Sunday, June 16, 2013

The History of "The Apartments of Distinction"

The building at the corner of Union and Fifth streets, once known as "The Apartments of Distinction," now has a new slate mansard roof, reproduced chimneys, and restored dormer windows, making the rest of the building seem quite shabby and making most of us wonder what's next for the building. While its future may be unclear, Walter Ritchie has painstakingly researched its past. He wrote this history of the building expressly for Gossips readers.

Standing at 501 Union Street is a large Second Empire-style brick building constructed c. 1864 by John T. Haviland, a local shipping merchant. The sizeable square structure was most likely one of the earliest apartment buildings to be erected in the city. From 1883 to 1896, the building served as Hudson's first Home for the Aged.
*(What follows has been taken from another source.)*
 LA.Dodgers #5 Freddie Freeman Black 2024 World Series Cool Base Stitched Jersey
About 1864, John T. Haviland, a Hudson commission agent and shipping merchant, built on his large lot at the southeast corner of Union and Fifth Streets a square three-and-one-half story brick building in the Second Empire style, the most prominent feature of which was a slate mansard roof with dormer windows and chimneys with decorative brickwork. Presumably from the time it was built, the structure contained a commercial establishment on the first floor and apartments on the upper levels.
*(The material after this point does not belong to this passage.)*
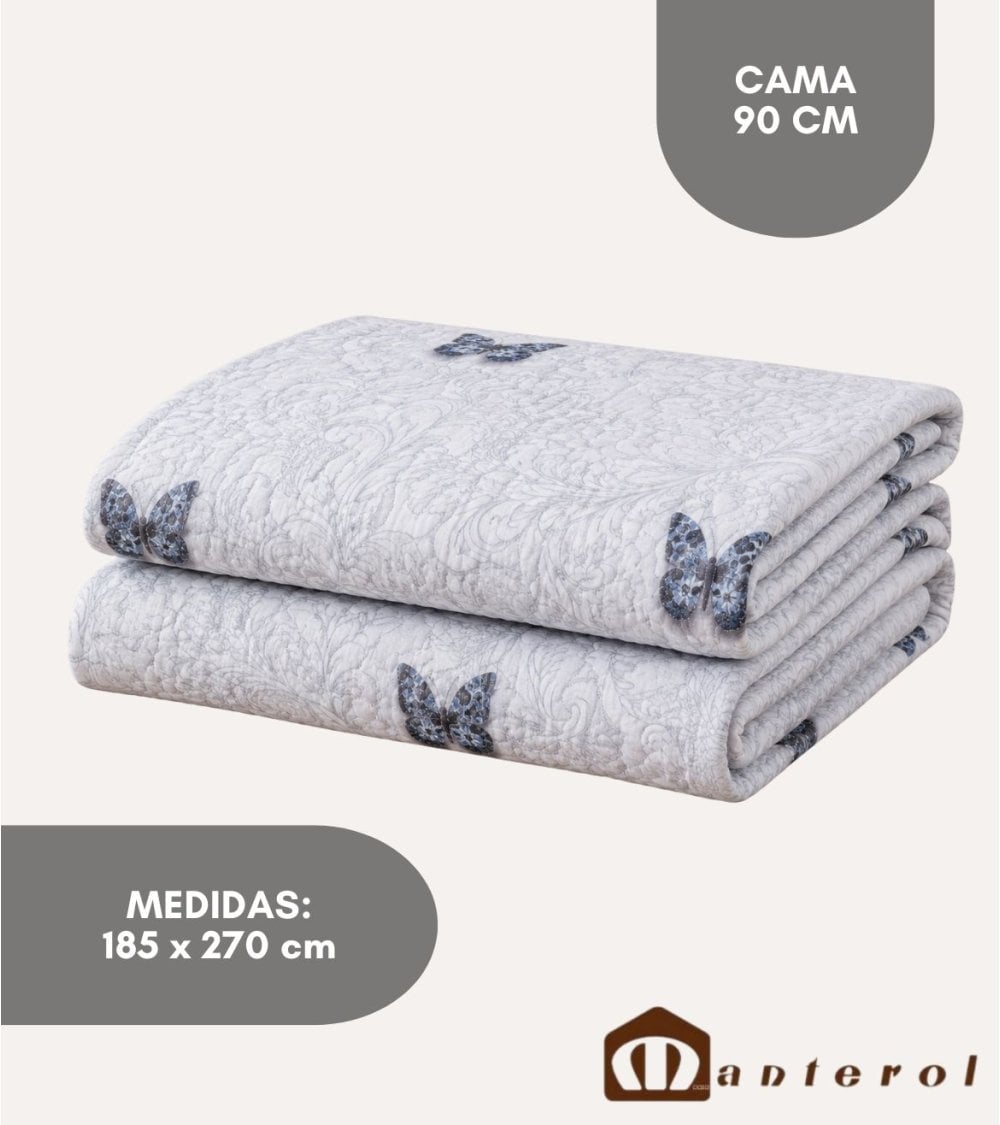 Colcha Bouti Indigo Reversible con Funda para Cojin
From 1872 until at least 1878, Haviland, formerly a commission agent working in partnership with William H. Clark, maintained a shop on the first level of the building, initially as a wholesale shipping merchant and later as a wholesale grocer.

Architectural evidence suggests that when the building was constructed in the 1860s, the second, third, and mansard roof levels each contained one large apartment. In the twentieth century, the apartments were divided into smaller units that underwent numerous modifications. Today, the staircases located at the front and back of the building are used to access the apartments; however, in the nineteenth century, only the front staircase was for the use of residents while the back staircase, accessed by a door on the west elevation, was used strictly by the servants of the families who occupied the apartments.
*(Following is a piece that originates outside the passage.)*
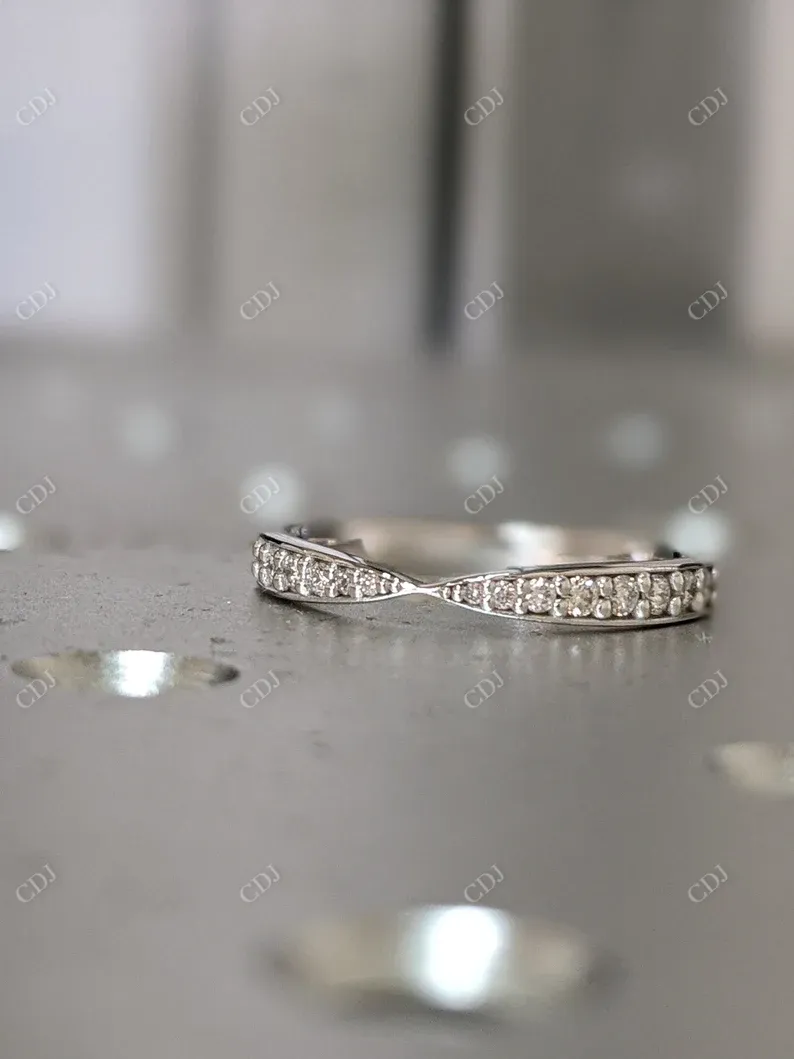 0.21CTW Half Eternity Bow Tie Shaped Diamond Wedding Band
From 1883 to 1896, the Home for the Aged, which was incorporated on May 10, 1883, rented the building as a temporary residence before acquiring its permanent home located at the intersection of South Seventh and Union Streets. When established, the Home for the Aged was the only charitable institution in the State of New York to bear that title. After arrangements had been made to rent the building at the southeast corner of Union and Fifth Streets, the organization made a public appeal for furnishings, which resulted in a steady flow of donated items including Brussels and Wilton carpeting and straw matting to cover the floors of the residents' rooms.

After the Home for the Aged vacated 501 Union Street, the property served once again as an apartment building.

The period image is the cover illustration from Decennial Souvenir, 1893: Home for the Aged, Hudson, New York, and shows the building as it appeared toward the end of the 19th century.


  1. As you recall, Carole, the house next to it, 34-36 S Fifth Street, where we lived for several years, is listed as the John T. Haviland House.


    1. Byrne--I was going to point this out in an addendum to this post, but thank you for doing it for me. Learning that John Haviland built 501 Union Street made me wonder why someone would build such a big building in such close proximity to his own home, but I guess the 19th century had different notions of density.

  2. Dear Byrne and Carol,

    I would like to share with you some details of the history of the lot at 501 Union Street. In 1860, John T. Haviland purchased from Phebe Beekman, Maritta Beekman, and William Hannah three separate lots on the south side of Union Street, near the intersection with Fifth Street. The lots were combined to form a parcel of land one hundred twenty-five feet wide (along Union, starting from the intersection of Union and Fifth Streets) by one hundred twenty feet deep (along South Fifth Street, starting from the intersection of Union and Fifth Streets). This large parcel included the lot on which Byrne's former house stands.

    In the 1870s, Haviland started selling off parts of his large 125 ft. x 120 ft. lot, ultimately reducing in size the lot on which the Second Empire-style apartment building stands to a parcel 75 ft. wide by 70 ft. deep--the current-day dimensions of the lot at 501 Union Street.

    The 1873 map of the city of Hudson indicates that a structure was standing on the lot that later became 34-36 South Fifth Street, and that Haviland was still the owner of this lot. There is a possibility that Haviland constructed the building on the lot, but Hudson city directories indicate that he never resided at 34-36 South Fifth Street. As a matter of fact, I found in 1860s issues of Hudson newspapers advertisements that announced the availability of 34-36 South Fifth Street for rent. In light of the fact that Haviland never resided at either 34-36 South Fifth Street or 501 Union Street, but maintained only a business on the first level of 501 Union, and in consideration of the fact that he rented 34-36 North Fifth Street as well as the apartments in the upper floors of 501 Union Street, we can conclude that these properties were business investments for Haviland.